Visual Director for US Anthropologie for 8 years, she was inspired by the beauty and possibilities in reclaimed objects from Europe. Now based in Amsterdam, Oschmann endeavours to preserve natural charm, reveal new use and create upcycled furniture and bespoke designs made from overlooked paintings and flea market finds.
What was your background before setting up Swarm?
Most of my work experience has been in display and merchandising. I worked for several small specialty shops and then Conran-Habitat in the US. My last “real” job was for Anthropologie. When I started out as visual manager in Seattle, WA the company had just 10 stores.
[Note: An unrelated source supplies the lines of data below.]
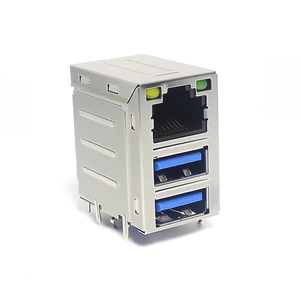 AK Electronics 3X1Port RJ45 With USB3.0 A Modular Connector Gold Plated Contacts Gigabit Ethernet Jack 2 Year Warranty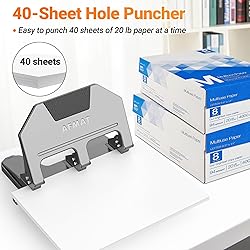 AFMAT 3 Hole Punch Heavy Duty, 40-Sheet 3 Hole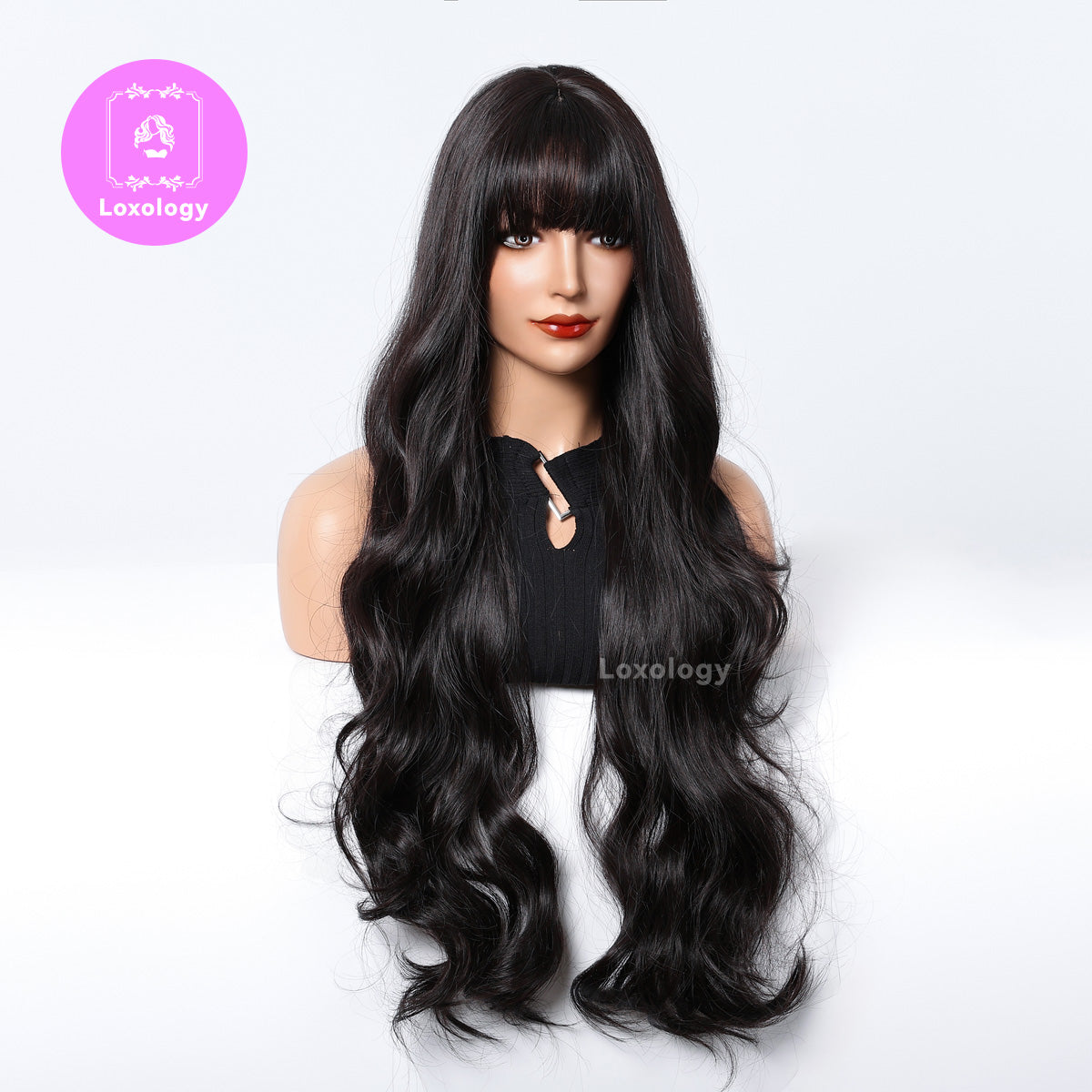 【Marlowe】Loxology | 32 Inches Long Curly Black Wigs with Bangs Synthetic Women's Wig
Towards the end I was Visual Director, based in their home office in Philadelphia, PA. Great experience and one of my best customers!
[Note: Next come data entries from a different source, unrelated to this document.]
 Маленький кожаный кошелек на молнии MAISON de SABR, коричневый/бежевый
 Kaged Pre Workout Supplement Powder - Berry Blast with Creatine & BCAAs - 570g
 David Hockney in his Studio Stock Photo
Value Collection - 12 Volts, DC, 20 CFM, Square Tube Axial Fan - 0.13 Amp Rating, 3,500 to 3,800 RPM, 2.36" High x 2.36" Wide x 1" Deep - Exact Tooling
What was the first thing you ever made from reclaimed materials?
The first thing I made was an altered painting. I have always loved going to markets and when I moved to Europe, a whole new world of finds opened up to me. Paintings were in abundance – Holland being the land of painters I suppose. I bought several – some better than others. Then I began to think about altering them. If it was a portrait for example, I would take a portion of the collar out and replace it by stitching on a vintage 60’s scarf
How would you describe the Swarm aesthetic?
Unexpected materials utilised in everyday objects.
What found objects are best to work with and why?
Something worn, with a bit of age. I like natural patina. Something with a bit of soul. I enjoy making something old, new again.
What do you think constitutes good design?
That’s all in the eye of the beholder! What I personally like is a design with a story – a bit conceptual, a bit practical. Too conceptual and it goes over your head – too practical it’s boring. A nice balance of both is hard to find – but great when you do.